Data to use Start Marker

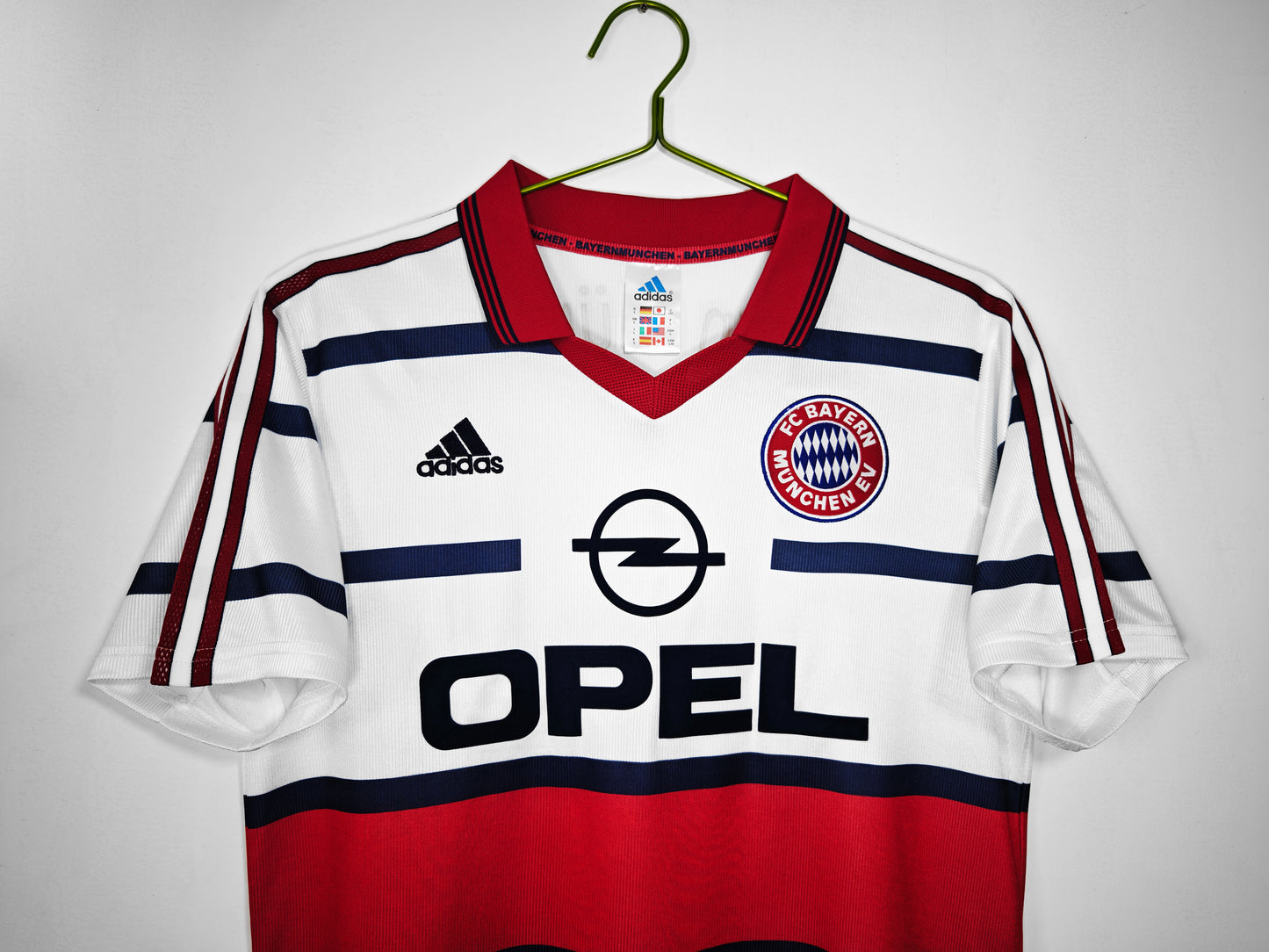 Bayern Munich Replica Jerseys/Kits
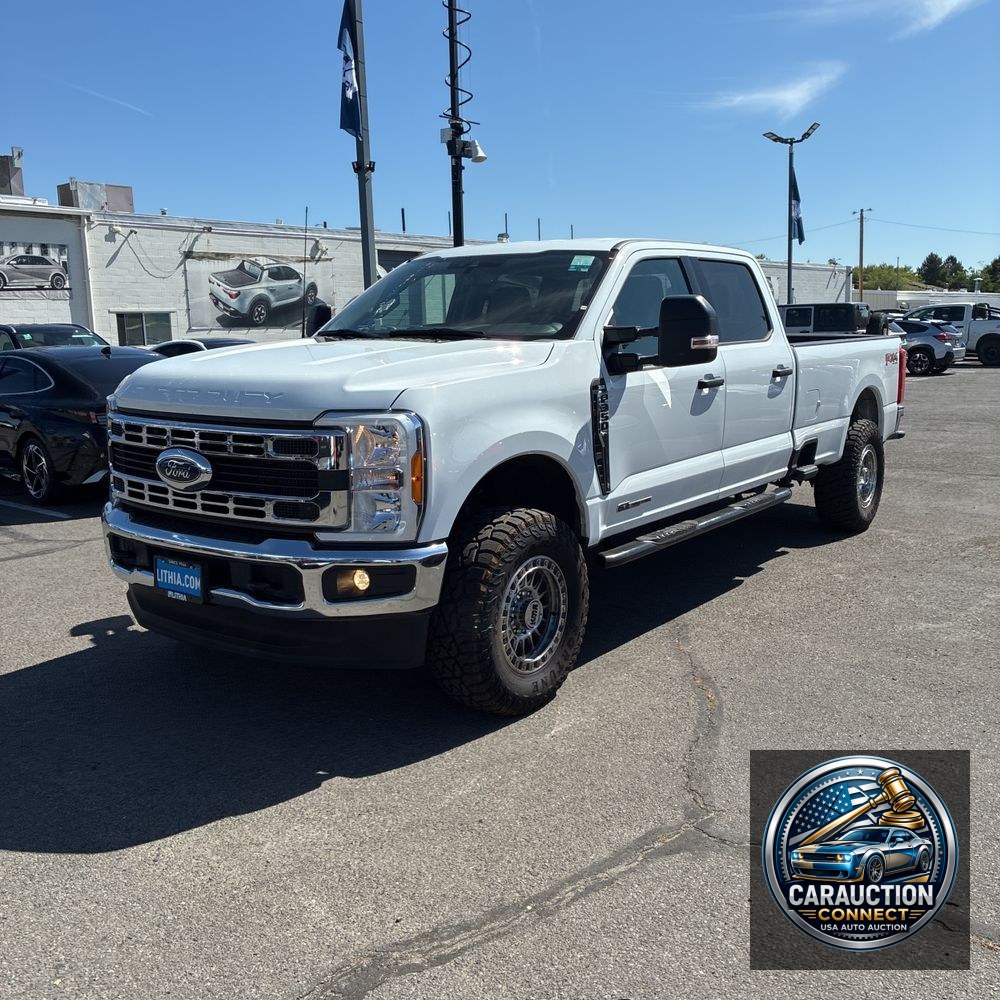 2023 Ford F350 S/D XLT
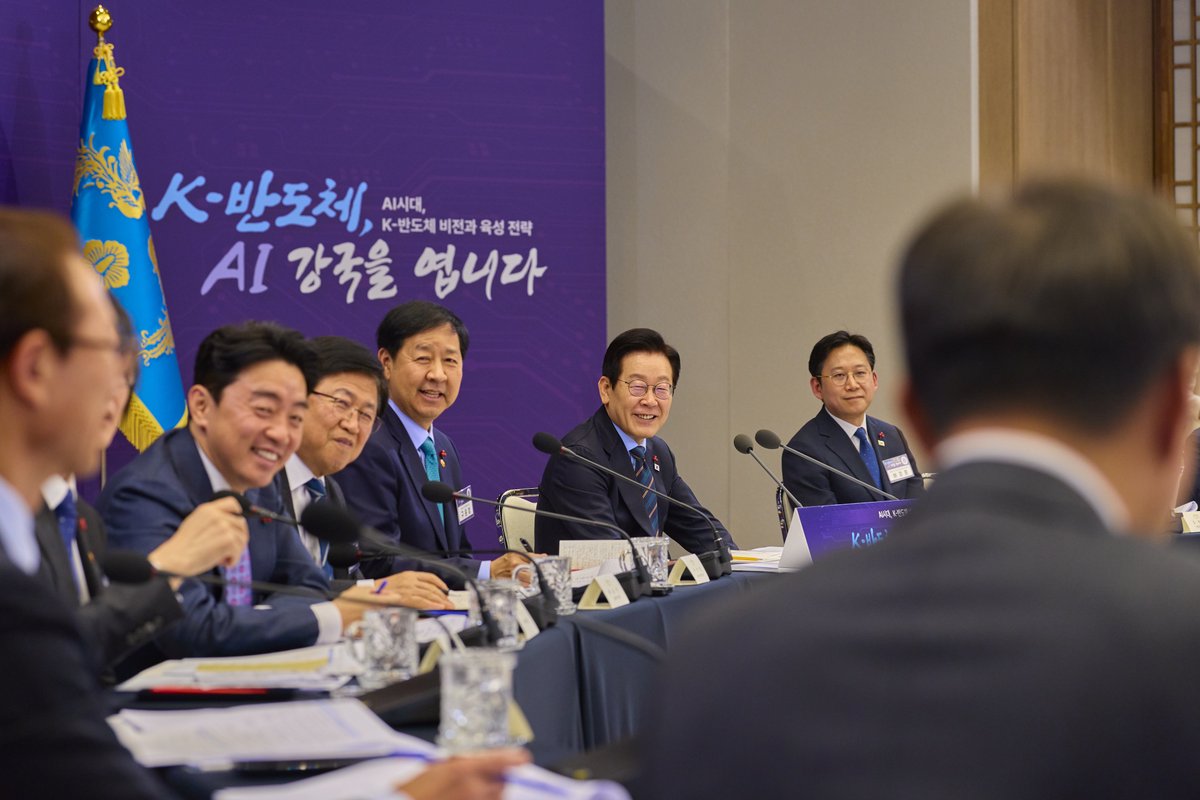 Jaemyung_Lee's tweet photo. 세상의 변화 속도가 숨 가쁠 만큼 빠릅니다. 그 변화의 한가운데 반도체가 있습니다. 반도체는 우리나라가 세계 시장에서 확고한 경쟁력을 갖춘 산업이자, 앞으로 가장 큰 잠재력을 지닌 미래 산업입니다.

정부는 반도체 산업의 지속적인 도약을 위해 모든 역량을 집중하고 있습니다. 그러나 우리의 목표는 단순히 산업의 규모를 키우��� 것이 아닌, 그 성장이 국민 모두의 삶에 이익으로 돌아가도록 하는 것입니다.

한 기업의 성장, 한 지역의 성공에 머무르지 않고 산업 생태계 전체가 함께 발전하는 구조를 만들겠습니다. 소재·부품·장비 등 핵심 기술의 자립을 강화하고, 전후방 산업이 긴밀히 연결된 튼튼한 산업 기반을 다져 나가겠습니다.

기업이 마음껏 투자할 수 있는 환경, 청년들이 일하고 싶은 지역. 이 두 가지가 함께 만들어질 때 지속 가능한 발전이 가능합니다. 정부와 기업이 함께 손잡고 대한민국 반도체 산업의 미래를 열어가겠습니다.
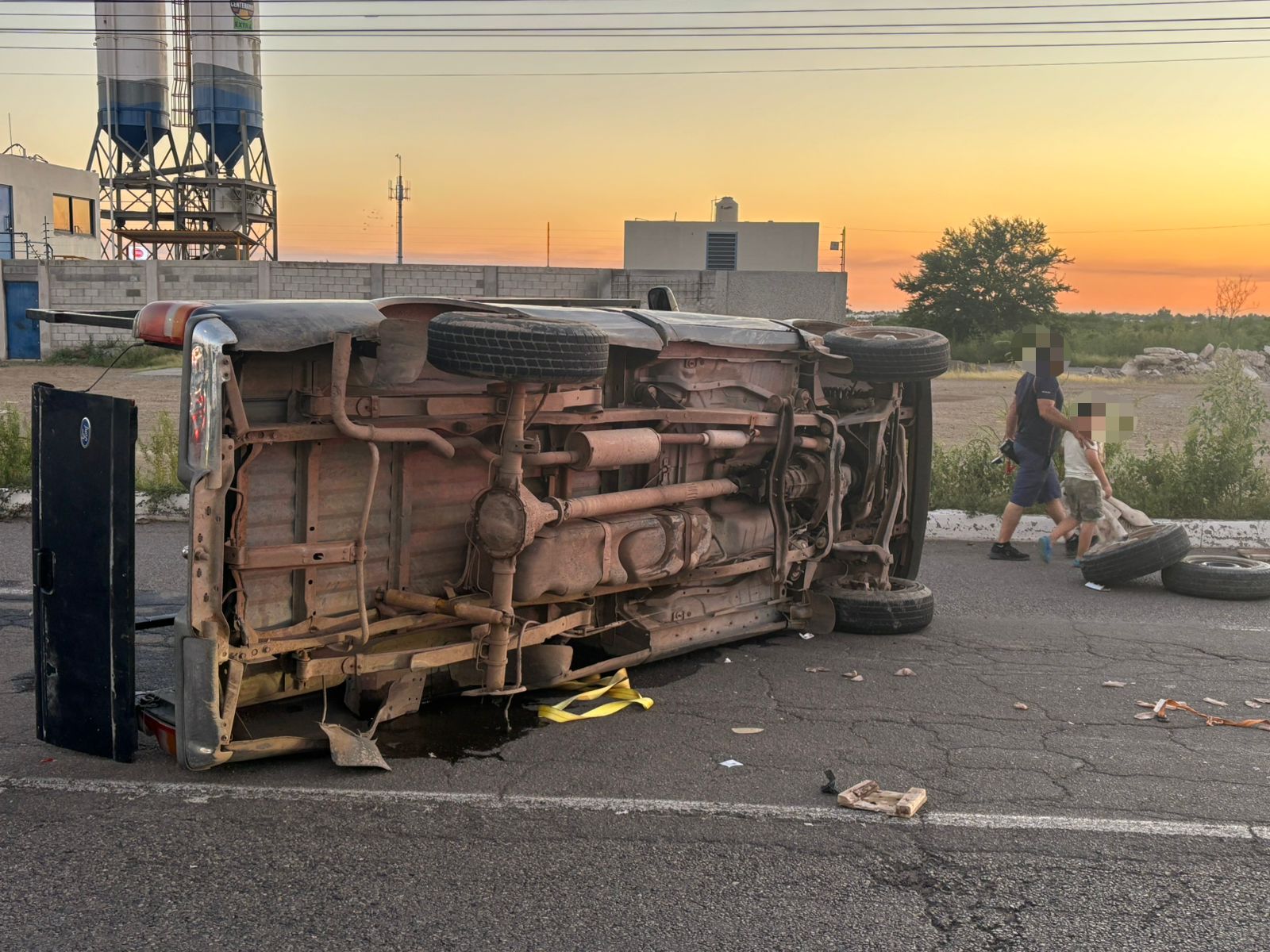 Camioneta volcada al norte de Culiacán, Sinaloa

Data to use End Marker

• _Exercise details_: Return word for word the lines above from the line with "정부는 반도체 산업의" to the line with "기업이 마음껏 투자할", including both and leaving out all others.

• _Response to this exercise_:
정부는 반도체 산업의 지속적인 도약을 위해 모든 역량을 집중하고 있습니다. 그러나 우리의 목표는 단순히 산업의 규모를 키우��� 것이 아닌, 그 성장이 국민 모두의 삶에 이익으로 돌아가도록 하는 것입니다.

한 기업의 성장, 한 지역의 성공에 머무르지 않고 산업 생태계 전체가 함께 발전하는 구조를 만들겠습니다. 소재·부품·장비 등 핵심 기술의 자립을 강화하고, 전후방 산업이 긴밀히 연결된 튼튼한 산업 기반을 다져 나가겠습니다.

기업이 마음껏 투자할 수 있는 환경, 청년들이 일하고 싶은 지역. 이 두 가지가 함께 만들어질 때 지속 가능한 발전이 가능합니다. 정부와 기업이 함께 손잡고 대한민국 반도체 산업의 미래를 열어가겠습니다.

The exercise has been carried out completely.